The medical performance evaluation, which provides a basis for rational decision-making, is an important part of medical service research. Current progress with health services reform in China is far from satisfactory, without sufficient regulation. To achieve better progress, an effective tool for evaluating medical performance needs to be established. In view of this, this study attempted to develop such a tool appropriate for the Chinese context.

Methods

Data was collected from the front pages of medical records (FPMR) of all large general public hospitals (21 hospitals) in the third and fourth quarter of 2007. Locally developed Diagnosis Related Groups (DRGs) were introduced as a tool for risk adjustment and performance evaluation indicators were established: Charge Efficiency Index (CEI), Time Efficiency Index (TEI) and inpatient mortality of low-risk group cases (IMLRG), to reflect respectively work efficiency and medical service quality. Using these indicators, the inpatient services' performance was horizontally compared among hospitals. Case-mix Index (CMI) was used to adjust efficiency indices and then produce adjusted CEI (aCEI) and adjusted TEI (aTEI). Poisson distribution analysis was used to test the statistical significance of the IMLRG differences between different hospitals.

Results

Using the aCEI, aTEI and IMLRG scores for the 21 hospitals, Hospital A and C had relatively good overall performance because their medical charges were lower, LOS shorter and IMLRG smaller. The performance of Hospital P and Q was the worst due to their relatively high charge level, long LOS and high IMLRG. Various performance problems also existed in the other hospitals.

Conclusion

It is possible to develop an accurate and easy to run performance evaluation system using Case-Mix as the tool for risk adjustment, choosing indicators close to consumers and managers, and utilizing routine report forms as the basic information source. To keep such a system running effectively, it is necessary to improve the reliability of clinical information and the risk-adjustment ability of Case-Mix.

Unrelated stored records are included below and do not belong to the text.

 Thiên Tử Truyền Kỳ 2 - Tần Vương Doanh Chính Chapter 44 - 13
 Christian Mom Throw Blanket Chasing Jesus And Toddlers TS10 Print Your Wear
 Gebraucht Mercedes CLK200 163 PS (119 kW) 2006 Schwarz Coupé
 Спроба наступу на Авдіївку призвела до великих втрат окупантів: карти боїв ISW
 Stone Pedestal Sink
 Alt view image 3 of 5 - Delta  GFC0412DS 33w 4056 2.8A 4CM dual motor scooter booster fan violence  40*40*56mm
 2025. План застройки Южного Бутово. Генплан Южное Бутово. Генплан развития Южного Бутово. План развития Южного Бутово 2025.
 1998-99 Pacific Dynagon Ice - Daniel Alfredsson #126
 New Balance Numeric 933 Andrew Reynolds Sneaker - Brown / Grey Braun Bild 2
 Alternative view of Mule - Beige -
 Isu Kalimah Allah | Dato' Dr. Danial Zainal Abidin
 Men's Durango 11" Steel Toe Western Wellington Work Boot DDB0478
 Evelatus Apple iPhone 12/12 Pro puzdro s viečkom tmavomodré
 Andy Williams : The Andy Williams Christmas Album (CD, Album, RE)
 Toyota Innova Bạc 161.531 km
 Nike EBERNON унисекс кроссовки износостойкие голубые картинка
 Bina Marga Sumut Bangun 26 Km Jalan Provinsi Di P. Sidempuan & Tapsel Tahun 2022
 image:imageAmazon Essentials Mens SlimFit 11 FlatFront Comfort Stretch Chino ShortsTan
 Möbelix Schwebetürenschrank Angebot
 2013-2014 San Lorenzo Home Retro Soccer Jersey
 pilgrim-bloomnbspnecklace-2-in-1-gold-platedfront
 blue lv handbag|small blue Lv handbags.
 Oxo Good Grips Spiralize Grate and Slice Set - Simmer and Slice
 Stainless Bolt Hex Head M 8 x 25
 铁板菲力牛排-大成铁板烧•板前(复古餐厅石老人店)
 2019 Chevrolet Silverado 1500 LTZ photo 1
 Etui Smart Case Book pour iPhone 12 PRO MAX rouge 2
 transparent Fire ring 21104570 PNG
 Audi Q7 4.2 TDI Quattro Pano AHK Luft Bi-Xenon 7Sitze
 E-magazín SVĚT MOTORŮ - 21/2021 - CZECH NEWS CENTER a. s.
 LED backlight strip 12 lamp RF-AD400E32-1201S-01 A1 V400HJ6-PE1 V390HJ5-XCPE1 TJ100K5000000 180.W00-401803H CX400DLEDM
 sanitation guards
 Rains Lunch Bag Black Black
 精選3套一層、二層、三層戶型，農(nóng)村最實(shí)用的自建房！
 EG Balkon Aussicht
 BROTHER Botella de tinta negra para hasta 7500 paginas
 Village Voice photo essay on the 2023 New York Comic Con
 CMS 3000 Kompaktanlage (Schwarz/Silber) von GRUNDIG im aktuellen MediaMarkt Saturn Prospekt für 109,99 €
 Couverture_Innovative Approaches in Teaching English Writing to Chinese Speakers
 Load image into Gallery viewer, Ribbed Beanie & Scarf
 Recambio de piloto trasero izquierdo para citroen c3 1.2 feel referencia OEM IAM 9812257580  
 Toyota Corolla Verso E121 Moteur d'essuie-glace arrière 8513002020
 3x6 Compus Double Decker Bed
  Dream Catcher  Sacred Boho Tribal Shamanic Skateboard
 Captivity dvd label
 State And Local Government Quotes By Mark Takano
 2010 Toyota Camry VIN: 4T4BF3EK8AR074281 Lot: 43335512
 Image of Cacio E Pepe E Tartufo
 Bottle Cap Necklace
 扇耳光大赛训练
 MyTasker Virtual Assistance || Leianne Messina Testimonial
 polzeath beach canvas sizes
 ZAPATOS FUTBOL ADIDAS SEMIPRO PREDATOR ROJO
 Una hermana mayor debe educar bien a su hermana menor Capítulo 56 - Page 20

One of the characteristics of the health services market is the serious information asymmetry between providers and consumers, including managers [1]. Asymmetric information makes it difficult for consumers and managers to estimate the performance of providers, affecting not only patient choice [2, 3] but also government decision making.

To solve this problem, one method is to establish a performance evaluation system to help managers learn more precisely about provider performance through the expert system and evaluation technique, which can assist managers with "rational" decision-making [4–6]. As an important part of health services research, the significance of medical performance evaluation lies not only in the establishment of a better performance supervising system but also through evidence-based health policymaking and the regulation of the health services market.

Currently in China, health reform has entered a crucial stage. However, because problems resulting from information asymmetry of the health services market have not been settled effectively, reform remains unsatisfactory. A major cause is the lack of an effective tool for evaluating medical performance.

For an ideal performance evaluation system, the most important feature is the accuracy of its evaluation results. However, the quality of data from health services performance evaluation is often questionable. As different doctors, departments and hospitals admit different patients, medical inputs and outputs are often considered to be non-comparable among different providers [7, 8]. Therefore, "risk adjustment" of evaluated objects before evaluation is the key step to increasing comparability. "Case-Mix" is usually used as the tool for risk adjustment in this process [9–11]. The literature concerning performance evaluation of medical services has dramatically increased in China since 1980. "Key Performance Indicators (KPI)" have been used widely, with the most common indicators being medical cost, LOS and medical quality[12]. Subsequently, many methods including the "Balance Score Card (BSC)" were introduced into the performance evaluation of hospitals [13, 14]. However, the reliability of evaluation results has remained questionable without risk adjustment.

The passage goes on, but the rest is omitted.